- [Brief]
The output should be every line below, retyped exactly, with no images.

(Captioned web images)
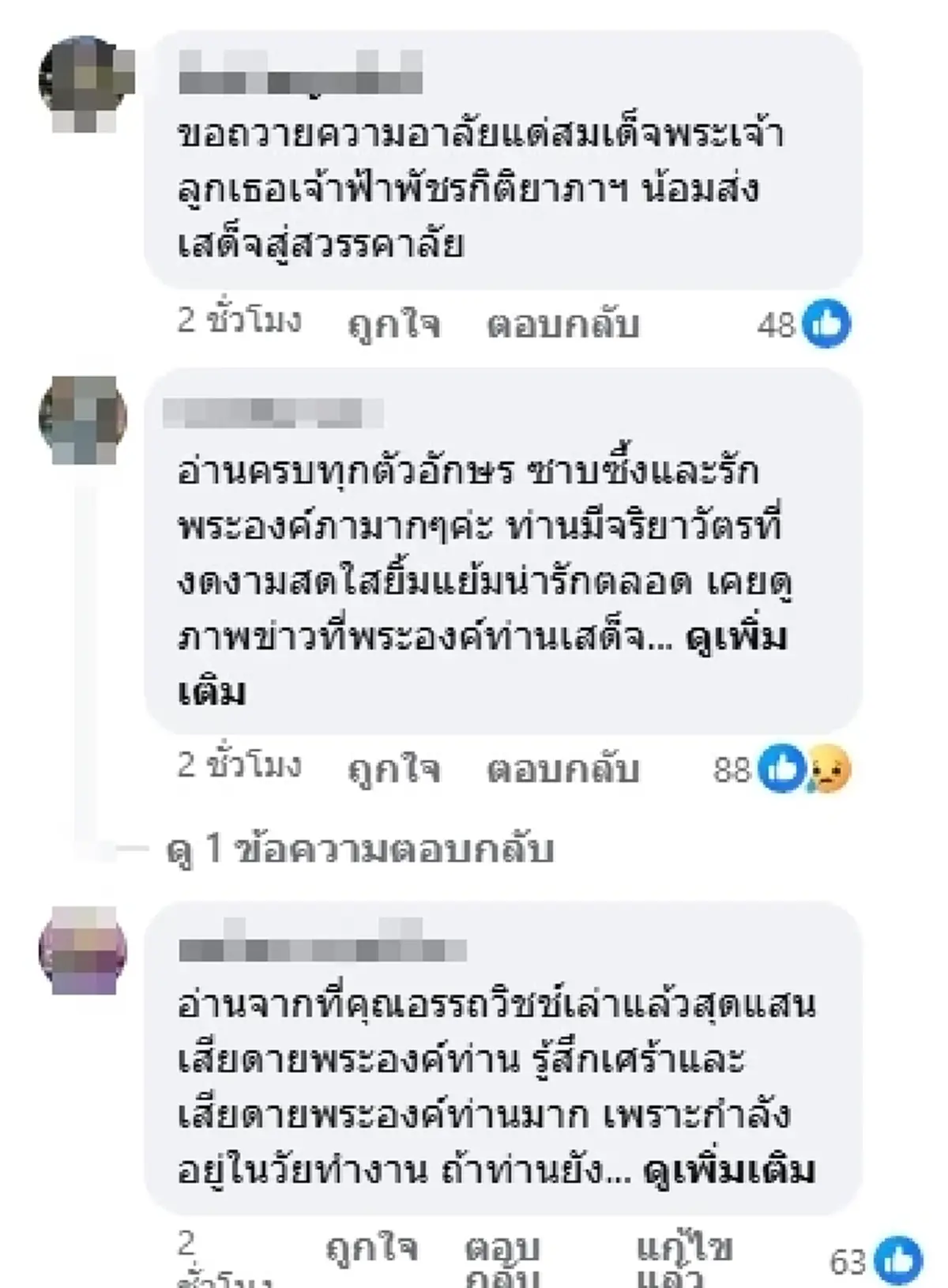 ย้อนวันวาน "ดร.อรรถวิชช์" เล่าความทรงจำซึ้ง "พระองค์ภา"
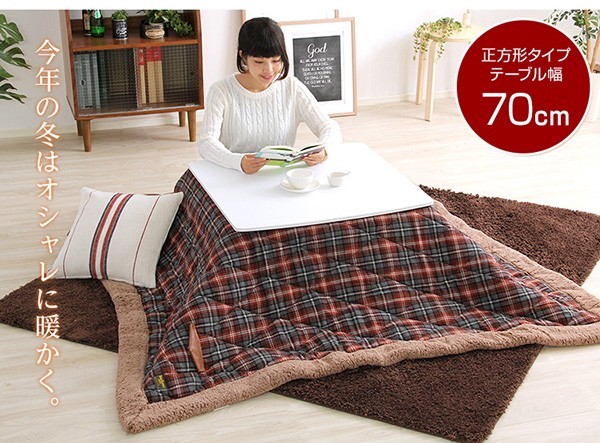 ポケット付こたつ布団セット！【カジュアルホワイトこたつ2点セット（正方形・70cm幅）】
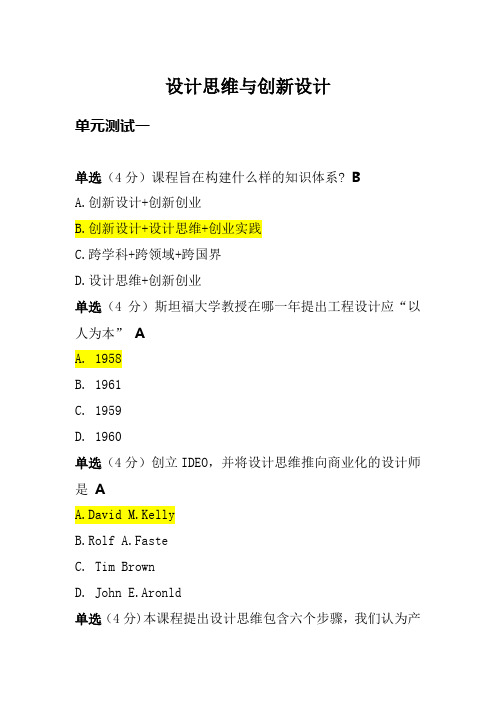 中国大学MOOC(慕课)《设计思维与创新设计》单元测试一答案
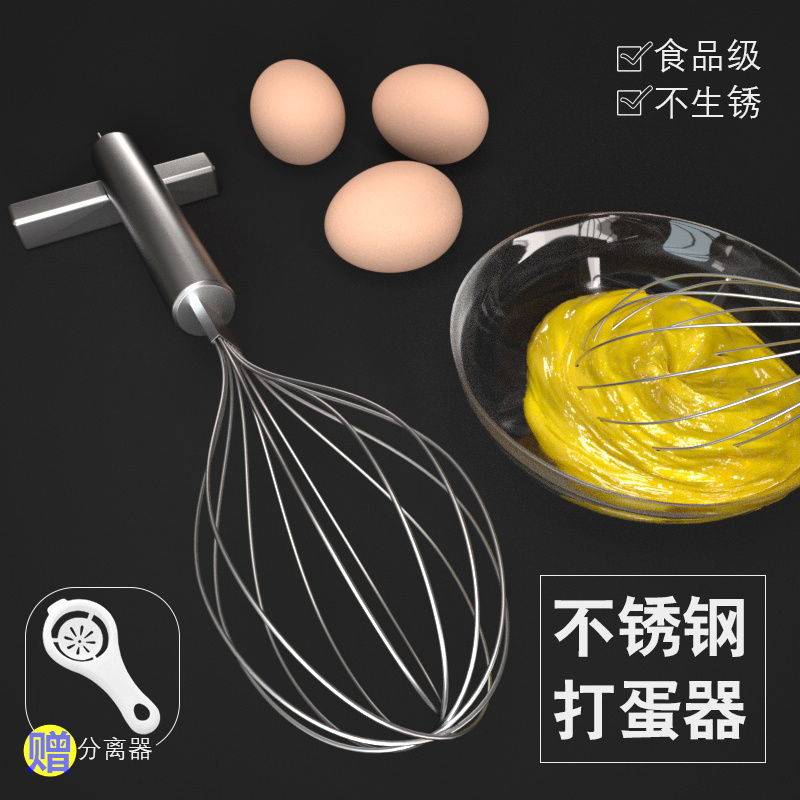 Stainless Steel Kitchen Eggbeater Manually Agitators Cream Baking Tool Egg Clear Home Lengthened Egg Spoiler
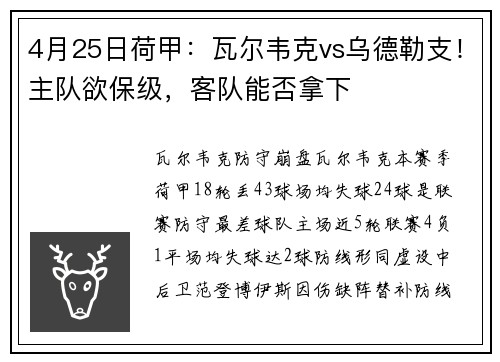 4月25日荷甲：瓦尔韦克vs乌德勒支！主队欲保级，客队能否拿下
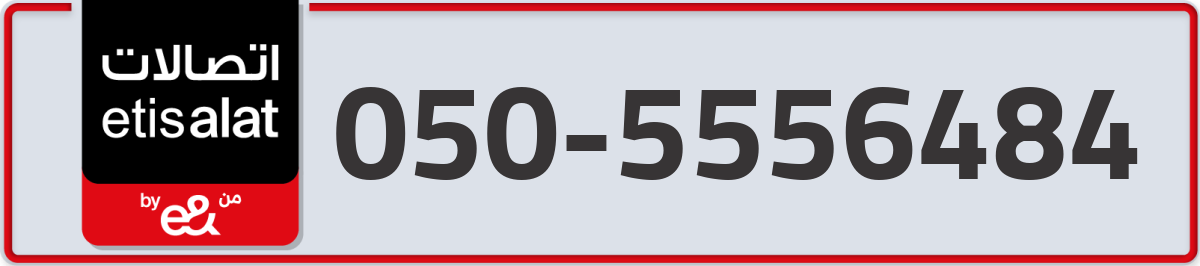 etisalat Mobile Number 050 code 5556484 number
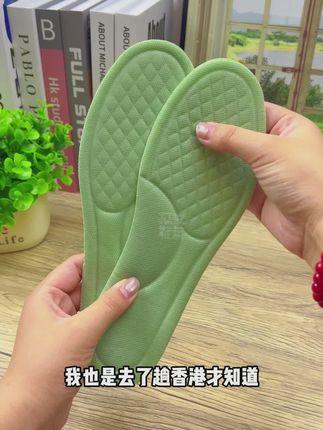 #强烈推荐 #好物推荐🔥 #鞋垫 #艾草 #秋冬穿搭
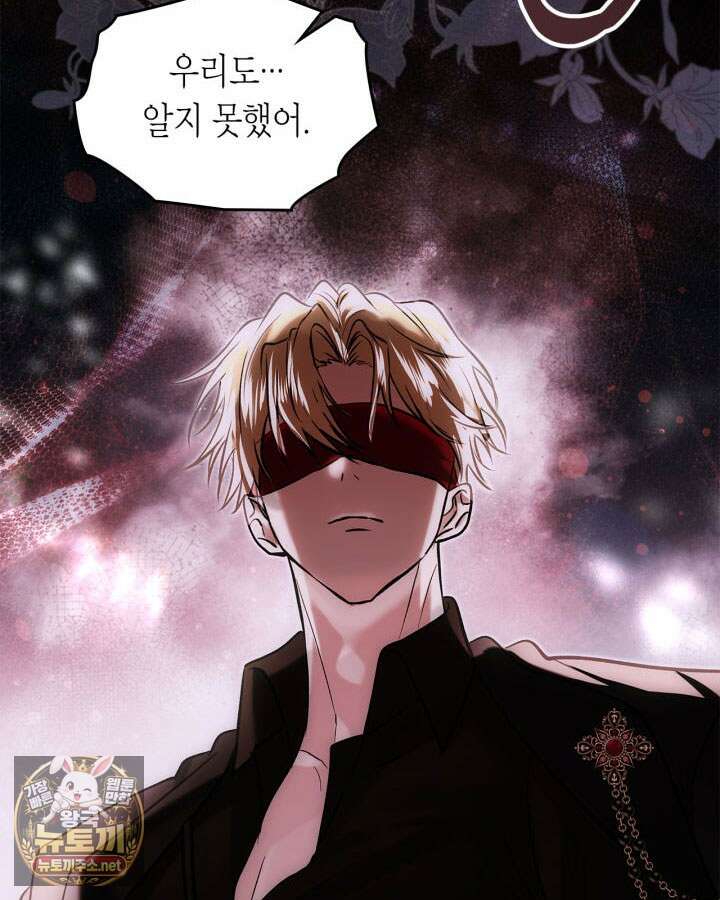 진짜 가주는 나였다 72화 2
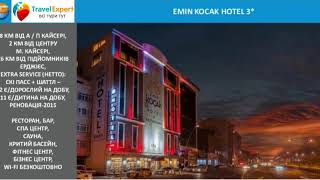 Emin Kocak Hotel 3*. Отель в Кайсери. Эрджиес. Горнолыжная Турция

- [Response]
 ย้อนวันวาน "ดร.อรรถวิชช์" เล่าความทรงจำซึ้ง "พระองค์ภา"
 ポケット付こたつ布団セット！【カジュアルホワイトこたつ2点セット（正方形・70cm幅）】
 中国大学MOOC(慕课)《设计思维与创新设计》单元测试一答案
 Stainless Steel Kitchen Eggbeater Manually Agitators Cream Baking Tool Egg Clear Home Lengthened Egg Spoiler
 4月25日荷甲：瓦尔韦克vs乌德勒支！主队欲保级，客队能否拿下
 etisalat Mobile Number 050 code 5556484 number
 #强烈推荐 #好物推荐🔥 #鞋垫 #艾草 #秋冬穿搭
 진짜 가주는 나였다 72화 2
 Emin Kocak Hotel 3*. Отель в Кайсери. Эрджиес. Горнолыжная Турция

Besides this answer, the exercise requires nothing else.